The paper also suggests allowing dual registration as both IA and RA and proposes a new category for part-time IAs/RAs. These changes aim to increase the number of registered professionals, enhance service availability, and maintain investor confidence. The review process is part of a broader effort to reduce regulatory burdens and improve the investment advisory and research sectors.
The link to the aforesaid Consultation Paper is as follows:
https://www.sebi.gov.in/reports-and-statistics/reports/aug-2024/consultation-paper-on-review-of-regulatory-framework-for-investment-advisers-and-research-analysts_85509.html
9. Consultation Paper on investment by Foreign Investors through Segregated Portfolios/ P-notes/ Offshore Derivative Instruments
SEBI released a consultation paper seeking public comments on proposed regulations for investments made by foreign investors via Offshore Derivative Instruments (ODIs) and segregated portfolios of Foreign Portfolio Investors (FPIs).
The paper aims to address regulatory gaps and arbitrage opportunities under the current SEBI (Foreign Portfolio Investors) Regulations, 2019. It proposes applying additional disclosure requirements directly to ODI subscribers and FPIs with segregated portfolios to enhance transparency and compliance.
The consultation paper proposes new monitoring mechanisms to ensure disclosure and position limits compliance, particularly in cases where ODI issuers or FPIs with segregated portfolios might circumvent existing regulations.
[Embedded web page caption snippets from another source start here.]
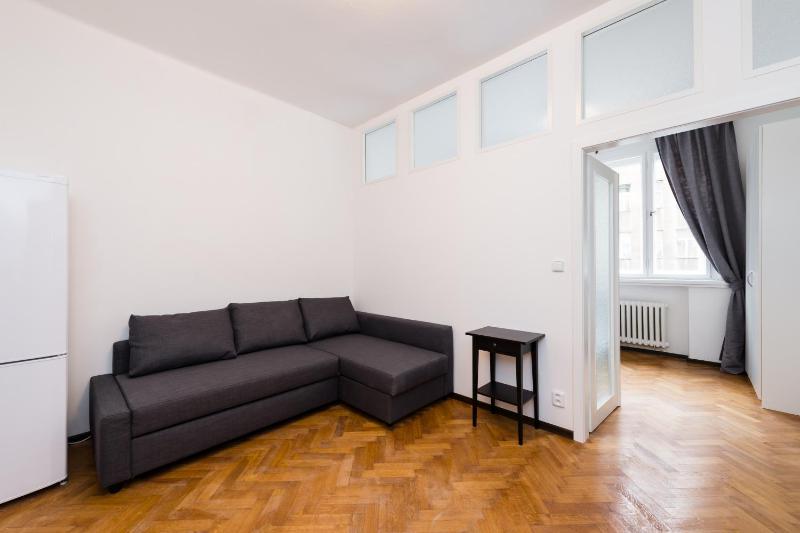 Affordable Stay Navratilova - image 8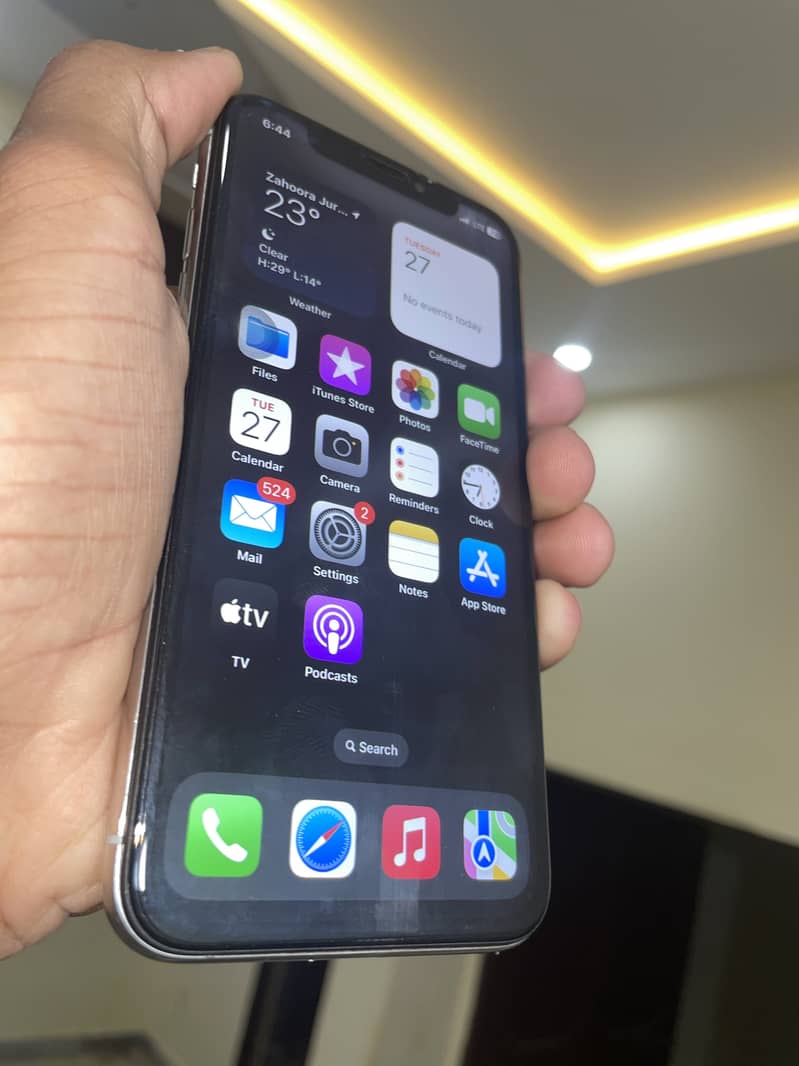 Apple iPhone X 6
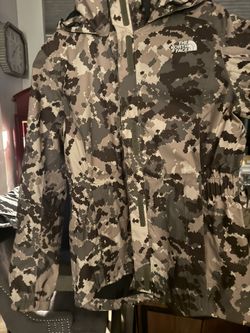 Title: The North Face Women’s Camo Hooded Jacket – Medium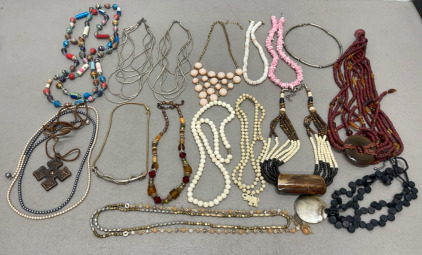(14) Various Ladies Fashion/Costume Necklaces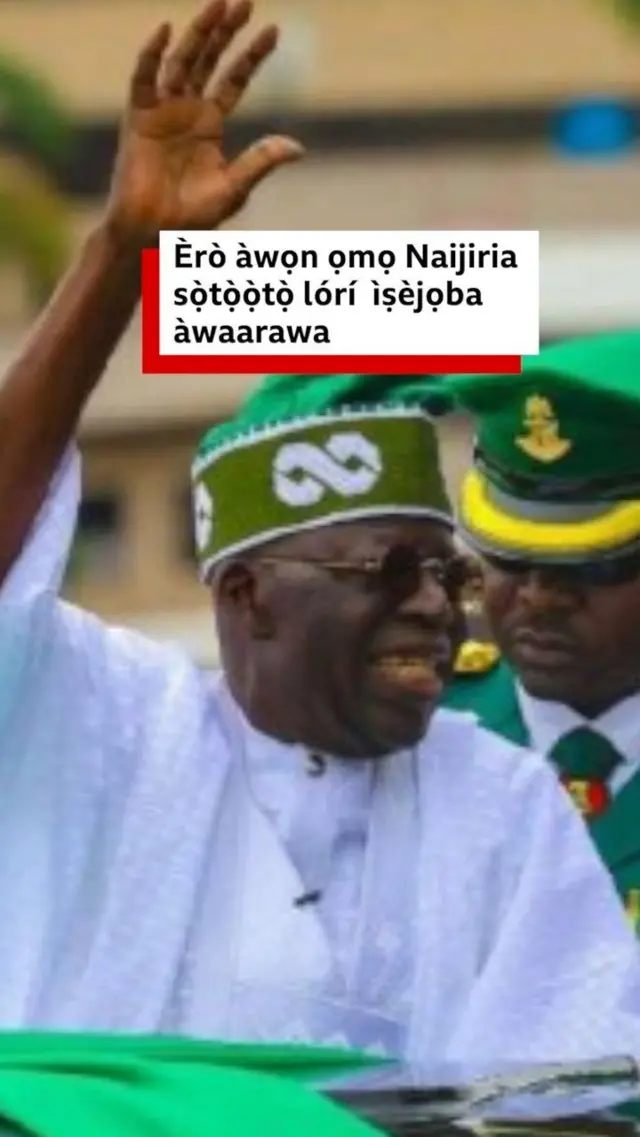 Aarẹ Bola Tinubu wọ asọ agbada funfun ati fila alawọ ewe, o n ju ọwọ sawọn araalu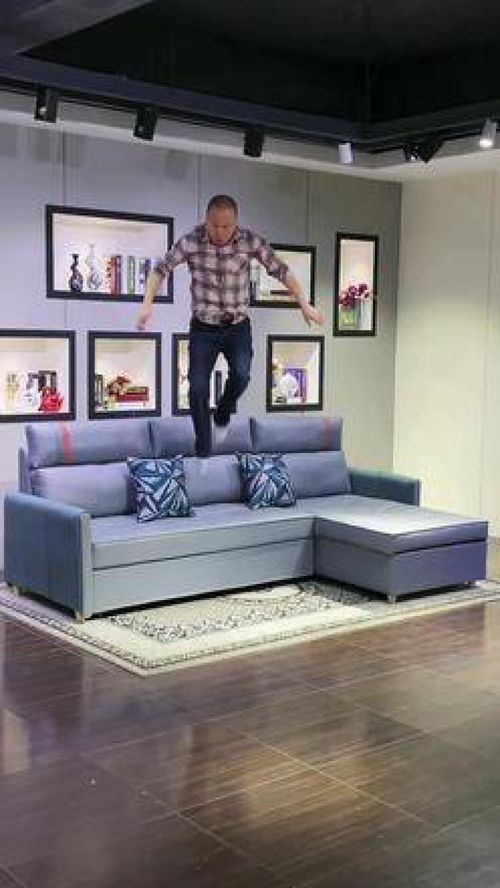 佛山家具新革命 蹦跳大叔沙發床，讓臨時留宿不再是難題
The objective is to mitigate potential misuse of the FPI route to avoid regulatory obligations such as substantial acquisition disclosures and maintaining minimum public shareholding in listed companies.
The link to the aforesaid Consultation Paper is as follows:
https://www.sebi.gov.in/reports-and-statistics/reports/aug-2024/consultation-paper-on-investment-by-foreign-investors-through-segregated-portfolios-p-notes-offshore-derivative-instruments_85510.html
10. Consultation Paper on Draft Circular for “Reporting by Foreign Venture Capital Investors (FVCI)”
SEBI released a consultation paper proposing revisions to the reporting format for Foreign Venture Capital Investors (FVCIs). As per Regulation 13(1) of the FVCI Regulations, 2000, FVCIs must provide quarterly reports to SEBI in the format specified with respect to their venture capital activities. The format of the report was specified vide SEBI circular dated January 12, 2010.
The current reporting format, established by a 2010 SEBI circular, is being revised in light of recent amendments to the FVCI Regulations. The consultation paper invites public feedback on the draft by August 29, 2024, and provides detailed instructions for submission through SEBI’s online form. Key changes include a revised reporting format, mandatory online submission via the SEBI intermediary portal (SI Portal), and an emphasis on timely and accurate reporting. The new format will apply to reports for the quarter ending September 30, 2024, and beyond.
The link to the aforesaid Consultation Paper is as follows:
https://www.sebi.gov.in/reports-and-statistics/reports/aug-2024/consultation-paper-on-draft-circular-for-reporting-by-foreign-venture-capital-investors_85551.html
11. Public Consultation on Draft Circular on Periodic Reporting Format for Research Analysts and Proxy Advisers
SEBI issued a consultation paper for public comments, proposing a standardized periodic reporting format for Research Analysts (RAs) and Proxy Advisers (PAs).
As per Regulation 24(4) of the SEBI (Research Analysts) Regulations, 2014, RAs are required to submit information and reports to SEBI as specified. SEBI has recognized the Research Analyst Administration and Supervisory Body (RAASB) to oversee the administration and supervision of these entities. Since PAs are also registered under the same regulations, they are subject to similar reporting requirements.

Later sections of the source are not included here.